On the 21st of August, one such total solar eclipse will cut out ninety-eight percent of the sunlight that reaches Duke Energy’s solar plant in Monroe, S.C. According to the press release by the Duke energy the solar eclipse is predicted to glide across the U.S. and cast its dark shadow as it slowly weans away in an hour and a half.
It is estimated that the 500-acre solar commercial plant will produce considerably less solar energy because of the eclipse though the demand for light will surely drastically increase (since it will be dark outside without the sun shining).
It will take around 90 minutes for the moon to move completely away from the front of the sun, during this time the output of the solar plants will drop to 200 megawatts from the usual 2,500 megawatts that are produced on other days.

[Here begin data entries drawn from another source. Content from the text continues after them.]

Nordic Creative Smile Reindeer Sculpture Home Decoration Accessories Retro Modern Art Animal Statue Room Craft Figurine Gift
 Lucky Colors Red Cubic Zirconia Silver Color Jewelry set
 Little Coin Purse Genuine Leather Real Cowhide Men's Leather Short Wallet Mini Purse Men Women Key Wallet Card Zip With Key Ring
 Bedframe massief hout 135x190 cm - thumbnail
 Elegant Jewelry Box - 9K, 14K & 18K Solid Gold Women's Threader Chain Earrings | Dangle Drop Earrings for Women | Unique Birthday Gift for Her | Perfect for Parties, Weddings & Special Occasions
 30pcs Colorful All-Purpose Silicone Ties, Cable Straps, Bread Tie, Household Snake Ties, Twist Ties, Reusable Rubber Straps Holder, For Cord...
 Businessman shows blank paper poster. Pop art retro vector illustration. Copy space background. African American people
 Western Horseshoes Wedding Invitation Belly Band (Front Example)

North Carolina is only second to California when it comes to the list of the highest solar power Production States in the U.S. On a nice sunny day – North Carolina is known to produce solar energy that is enough to light up as many as 600,000 houses.
Since no reliable and high capacity means of storing solar energy that is produced has been developed anywhere in the world, any solar energy system requires a backup on days when the sun is not shining at its fullest. A solar eclipse is surely one such day that requires a full proof backup plan so the requirement of light is fulfilled and there is no glitch.
As luck would have it the solar eclipse can be easily handled by the pre-planning of the power companies. The plants are well equipped as they rehearse every day when the sunsets and the sunlight vanishes and their alternative power sources have to come into play to hold the fort. Mostly these are gas powered generators or hydropower generators that are ready and placed for use as a backup system. Coal is a not commonly used as an alternative resource to produce energy since a coal generator takes a long time to power up and be brought up to the level of the solar or a wind energy unit.
All solar plants are always studying the demand for energy and when the demand surpasses the production (or supply) of solar energy from the plant the alternative resources are on standby to be powered up, and ready to support.
The Dukes Energy plant is also totally prepared to fulfill the demand of energy as darkest will fall on the 21st of August.